3. Q : Why might a creditor prefer informal remedies to formal remedies in the event
of a business failure?

A : An informal debt agreement/informal remedies is an arrangement between a


debtor and a creditor where debtor has to pay what he owes to the creditor as per
the agreed terms. This is different from a formal debt agreement because there is no
legal binding in this arrangement between two parties and it does not have any
impact on the credit score of the debtor. A debt counsellor or manager is usually
involved to settle the terms and make the arrangement beneficial for both the
parties. As like any other arrangement, informal debt agreement also comes with
certain advantages and disadvantages. An informal agreement will typically be
accomplished more quickly than formal bankruptcy proceedings and is less
expensive as it avoids excessive legal fees. That’s why most of the creditors will
prefer informal debt agreement than formal agreement.

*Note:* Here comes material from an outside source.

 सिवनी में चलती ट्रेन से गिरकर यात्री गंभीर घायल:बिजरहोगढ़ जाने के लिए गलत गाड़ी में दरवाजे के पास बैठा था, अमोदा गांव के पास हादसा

The biggest advantage of an
informal debt agreement to the debtor is that it does not have any impact on their
credit score of the debtor and this won’t affect their credit history. In informal debt
agreement gives the opportunity to the debtor to negotiate a reduction in payment
amount. They can pay a lump sum lower amount than they owe. Creditor can accept
this if the sum the debtor is willing to pay would sufficiently pay enough off the debt.

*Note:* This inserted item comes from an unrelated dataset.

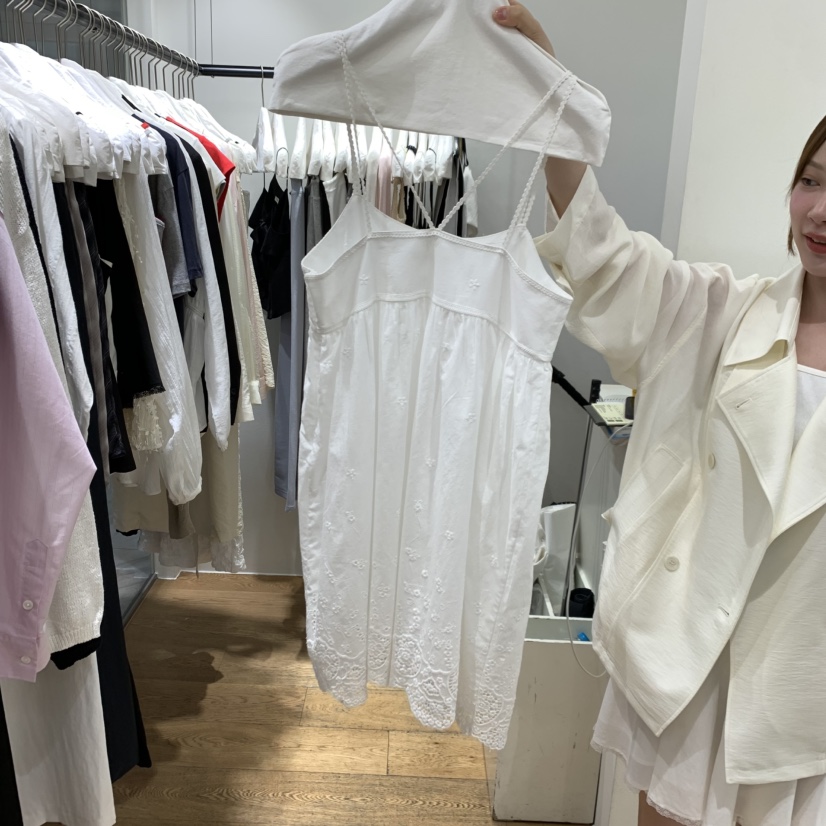 VERVEINE東大門實拍女裝新品時尚推薦真品人氣連衣裙蕾絲VERVEINE連衣裙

This is of great benefit to the debtor as he gets enough time to pay off lower some of
debt so he can make budget and plan accordingly. The debtor can get an extension in
the agreed time in which they have to pay the sum they owe, if they feel that the
time allowed is not sufficient for them to pay off the sum in whole. There is also a
possibility of negotiating a lower interest rate if the debtor is unable to make the
debt payments. Informal debt agreement also comes with the option in which the
debtor can negotiate to get a waiver on the debt for a certain period of time. This
will help them arrange for the money. The debtor isn’t forced to tell anyone about
his debt like in certain forms of legal binding agreements or like in bankruptcy. This
can not have any impact on credit score and the debtor won’t be listed in the
National Personal Insolvency Index as well. The biggest drawback of informal debt
agreement lies with the fact that these are not protected by any legislation or by any
court order. This is solely dependent on the willingness of both the parties. These
arrangements will be of no value if any of the party is not wiling to stick to the terms
of agreement. Informal debt agreements are largely dependent on creditor’s
goodwill as they can cancel the agreement any time. However, why would the
creditor cancel the arrangement if the debtor is following the terms agreed.